Web page caption snippets:
========================================================================

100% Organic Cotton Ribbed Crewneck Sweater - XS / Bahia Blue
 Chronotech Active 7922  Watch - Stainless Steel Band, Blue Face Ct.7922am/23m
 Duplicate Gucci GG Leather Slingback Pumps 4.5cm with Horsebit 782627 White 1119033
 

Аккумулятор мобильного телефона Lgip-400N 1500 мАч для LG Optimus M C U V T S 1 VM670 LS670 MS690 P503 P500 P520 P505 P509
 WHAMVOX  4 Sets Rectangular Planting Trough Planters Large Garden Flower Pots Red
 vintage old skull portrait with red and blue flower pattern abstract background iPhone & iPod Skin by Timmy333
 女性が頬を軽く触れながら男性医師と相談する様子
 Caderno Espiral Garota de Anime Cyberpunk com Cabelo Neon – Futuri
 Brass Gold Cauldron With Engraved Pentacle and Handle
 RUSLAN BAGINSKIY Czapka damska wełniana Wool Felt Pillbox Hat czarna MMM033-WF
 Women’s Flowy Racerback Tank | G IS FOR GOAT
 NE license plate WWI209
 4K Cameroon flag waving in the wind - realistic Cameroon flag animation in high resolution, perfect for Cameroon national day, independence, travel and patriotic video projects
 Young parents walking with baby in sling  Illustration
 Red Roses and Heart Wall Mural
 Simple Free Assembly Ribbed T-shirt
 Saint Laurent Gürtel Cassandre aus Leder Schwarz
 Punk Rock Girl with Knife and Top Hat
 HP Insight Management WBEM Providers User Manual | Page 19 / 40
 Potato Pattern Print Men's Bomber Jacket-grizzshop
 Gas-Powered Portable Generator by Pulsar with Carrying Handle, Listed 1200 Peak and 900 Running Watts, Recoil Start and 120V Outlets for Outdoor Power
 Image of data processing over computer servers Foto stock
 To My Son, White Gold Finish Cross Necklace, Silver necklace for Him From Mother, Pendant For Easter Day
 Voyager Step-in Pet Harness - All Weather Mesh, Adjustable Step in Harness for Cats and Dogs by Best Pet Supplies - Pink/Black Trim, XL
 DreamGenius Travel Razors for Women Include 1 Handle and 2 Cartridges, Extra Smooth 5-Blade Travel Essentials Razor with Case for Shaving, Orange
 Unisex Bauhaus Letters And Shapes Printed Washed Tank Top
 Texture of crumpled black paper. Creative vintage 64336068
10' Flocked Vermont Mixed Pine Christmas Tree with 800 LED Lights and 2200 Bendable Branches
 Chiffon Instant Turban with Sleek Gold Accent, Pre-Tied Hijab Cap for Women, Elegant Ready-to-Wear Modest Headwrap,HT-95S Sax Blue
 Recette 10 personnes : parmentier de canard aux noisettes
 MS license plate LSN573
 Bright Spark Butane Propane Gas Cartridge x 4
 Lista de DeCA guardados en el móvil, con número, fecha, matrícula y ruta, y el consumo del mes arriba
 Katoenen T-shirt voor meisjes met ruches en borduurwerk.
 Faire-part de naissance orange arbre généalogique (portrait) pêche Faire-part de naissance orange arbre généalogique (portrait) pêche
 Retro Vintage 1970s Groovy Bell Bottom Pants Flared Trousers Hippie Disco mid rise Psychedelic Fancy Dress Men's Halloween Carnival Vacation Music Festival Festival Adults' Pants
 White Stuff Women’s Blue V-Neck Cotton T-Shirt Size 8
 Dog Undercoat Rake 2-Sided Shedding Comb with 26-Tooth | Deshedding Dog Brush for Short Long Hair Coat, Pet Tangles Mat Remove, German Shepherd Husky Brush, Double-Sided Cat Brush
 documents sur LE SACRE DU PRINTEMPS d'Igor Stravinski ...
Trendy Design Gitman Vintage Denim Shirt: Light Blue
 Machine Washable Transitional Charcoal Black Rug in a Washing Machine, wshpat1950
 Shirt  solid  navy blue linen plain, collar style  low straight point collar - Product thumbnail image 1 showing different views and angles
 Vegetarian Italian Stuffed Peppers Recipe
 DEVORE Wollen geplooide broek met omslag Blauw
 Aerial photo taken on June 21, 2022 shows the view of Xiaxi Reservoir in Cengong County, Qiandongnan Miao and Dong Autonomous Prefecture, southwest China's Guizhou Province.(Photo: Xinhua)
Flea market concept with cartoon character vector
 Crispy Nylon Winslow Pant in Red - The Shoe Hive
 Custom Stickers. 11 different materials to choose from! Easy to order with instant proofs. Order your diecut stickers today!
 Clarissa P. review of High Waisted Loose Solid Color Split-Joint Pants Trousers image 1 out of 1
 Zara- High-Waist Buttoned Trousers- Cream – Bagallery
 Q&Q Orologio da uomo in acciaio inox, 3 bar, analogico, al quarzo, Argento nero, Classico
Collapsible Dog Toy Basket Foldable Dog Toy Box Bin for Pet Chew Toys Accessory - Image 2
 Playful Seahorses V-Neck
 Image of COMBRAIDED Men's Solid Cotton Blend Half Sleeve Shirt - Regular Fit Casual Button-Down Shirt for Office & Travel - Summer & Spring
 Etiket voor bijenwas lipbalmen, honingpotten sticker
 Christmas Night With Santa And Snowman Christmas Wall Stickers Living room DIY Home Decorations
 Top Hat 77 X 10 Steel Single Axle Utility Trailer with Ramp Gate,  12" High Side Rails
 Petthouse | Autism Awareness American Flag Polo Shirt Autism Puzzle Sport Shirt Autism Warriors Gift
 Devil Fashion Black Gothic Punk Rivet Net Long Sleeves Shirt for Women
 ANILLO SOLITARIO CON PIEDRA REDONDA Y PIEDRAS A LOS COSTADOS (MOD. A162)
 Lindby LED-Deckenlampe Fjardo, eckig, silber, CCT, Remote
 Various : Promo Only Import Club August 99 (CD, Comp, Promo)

========================================================================

* Task directions: Nothing in the data above may be skipped; repeat it all exactly.

* Answer to this exercise:
100% Organic Cotton Ribbed Crewneck Sweater - XS / Bahia Blue
 Chronotech Active 7922  Watch - Stainless Steel Band, Blue Face Ct.7922am/23m
 Duplicate Gucci GG Leather Slingback Pumps 4.5cm with Horsebit 782627 White 1119033
 

Аккумулятор мобильного телефона Lgip-400N 1500 мАч для LG Optimus M C U V T S 1 VM670 LS670 MS690 P503 P500 P520 P505 P509
 WHAMVOX  4 Sets Rectangular Planting Trough Planters Large Garden Flower Pots Red
 vintage old skull portrait with red and blue flower pattern abstract background iPhone & iPod Skin by Timmy333
 女性が頬を軽く触れながら男性医師と相談する様子
 Caderno Espiral Garota de Anime Cyberpunk com Cabelo Neon – Futuri
 Brass Gold Cauldron With Engraved Pentacle and Handle
 RUSLAN BAGINSKIY Czapka damska wełniana Wool Felt Pillbox Hat czarna MMM033-WF
 Women’s Flowy Racerback Tank | G IS FOR GOAT
 NE license plate WWI209
 4K Cameroon flag waving in the wind - realistic Cameroon flag animation in high resolution, perfect for Cameroon national day, independence, travel and patriotic video projects
 Young parents walking with baby in sling  Illustration
 Red Roses and Heart Wall Mural
 Simple Free Assembly Ribbed T-shirt
 Saint Laurent Gürtel Cassandre aus Leder Schwarz
 Punk Rock Girl with Knife and Top Hat
 HP Insight Management WBEM Providers User Manual | Page 19 / 40
 Potato Pattern Print Men's Bomber Jacket-grizzshop
 Gas-Powered Portable Generator by Pulsar with Carrying Handle, Listed 1200 Peak and 900 Running Watts, Recoil Start and 120V Outlets for Outdoor Power
 Image of data processing over computer servers Foto stock
 To My Son, White Gold Finish Cross Necklace, Silver necklace for Him From Mother, Pendant For Easter Day
 Voyager Step-in Pet Harness - All Weather Mesh, Adjustable Step in Harness for Cats and Dogs by Best Pet Supplies - Pink/Black Trim, XL
 DreamGenius Travel Razors for Women Include 1 Handle and 2 Cartridges, Extra Smooth 5-Blade Travel Essentials Razor with Case for Shaving, Orange
 Unisex Bauhaus Letters And Shapes Printed Washed Tank Top
 Texture of crumpled black paper. Creative vintage 64336068
10' Flocked Vermont Mixed Pine Christmas Tree with 800 LED Lights and 2200 Bendable Branches
 Chiffon Instant Turban with Sleek Gold Accent, Pre-Tied Hijab Cap for Women, Elegant Ready-to-Wear Modest Headwrap,HT-95S Sax Blue
 Recette 10 personnes : parmentier de canard aux noisettes
 MS license plate LSN573
 Bright Spark Butane Propane Gas Cartridge x 4
 Lista de DeCA guardados en el móvil, con número, fecha, matrícula y ruta, y el consumo del mes arriba
 Katoenen T-shirt voor meisjes met ruches en borduurwerk.
 Faire-part de naissance orange arbre généalogique (portrait) pêche Faire-part de naissance orange arbre généalogique (portrait) pêche
 Retro Vintage 1970s Groovy Bell Bottom Pants Flared Trousers Hippie Disco mid rise Psychedelic Fancy Dress Men's Halloween Carnival Vacation Music Festival Festival Adults' Pants
 White Stuff Women’s Blue V-Neck Cotton T-Shirt Size 8
 Dog Undercoat Rake 2-Sided Shedding Comb with 26-Tooth | Deshedding Dog Brush for Short Long Hair Coat, Pet Tangles Mat Remove, German Shepherd Husky Brush, Double-Sided Cat Brush
 documents sur LE SACRE DU PRINTEMPS d'Igor Stravinski ...
Trendy Design Gitman Vintage Denim Shirt: Light Blue
 Machine Washable Transitional Charcoal Black Rug in a Washing Machine, wshpat1950
 Shirt  solid  navy blue linen plain, collar style  low straight point collar - Product thumbnail image 1 showing different views and angles
 Vegetarian Italian Stuffed Peppers Recipe
 DEVORE Wollen geplooide broek met omslag Blauw
 Aerial photo taken on June 21, 2022 shows the view of Xiaxi Reservoir in Cengong County, Qiandongnan Miao and Dong Autonomous Prefecture, southwest China's Guizhou Province.(Photo: Xinhua)
Flea market concept with cartoon character vector
 Crispy Nylon Winslow Pant in Red - The Shoe Hive
 Custom Stickers. 11 different materials to choose from! Easy to order with instant proofs. Order your diecut stickers today!
 Clarissa P. review of High Waisted Loose Solid Color Split-Joint Pants Trousers image 1 out of 1
 Zara- High-Waist Buttoned Trousers- Cream – Bagallery
 Q&Q Orologio da uomo in acciaio inox, 3 bar, analogico, al quarzo, Argento nero, Classico
Collapsible Dog Toy Basket Foldable Dog Toy Box Bin for Pet Chew Toys Accessory - Image 2
 Playful Seahorses V-Neck
 Image of COMBRAIDED Men's Solid Cotton Blend Half Sleeve Shirt - Regular Fit Casual Button-Down Shirt for Office & Travel - Summer & Spring
 Etiket voor bijenwas lipbalmen, honingpotten sticker
 Christmas Night With Santa And Snowman Christmas Wall Stickers Living room DIY Home Decorations
 Top Hat 77 X 10 Steel Single Axle Utility Trailer with Ramp Gate,  12" High Side Rails
 Petthouse | Autism Awareness American Flag Polo Shirt Autism Puzzle Sport Shirt Autism Warriors Gift
 Devil Fashion Black Gothic Punk Rivet Net Long Sleeves Shirt for Women
 ANILLO SOLITARIO CON PIEDRA REDONDA Y PIEDRAS A LOS COSTADOS (MOD. A162)
 Lindby LED-Deckenlampe Fjardo, eckig, silber, CCT, Remote
 Various : Promo Only Import Club August 99 (CD, Comp, Promo)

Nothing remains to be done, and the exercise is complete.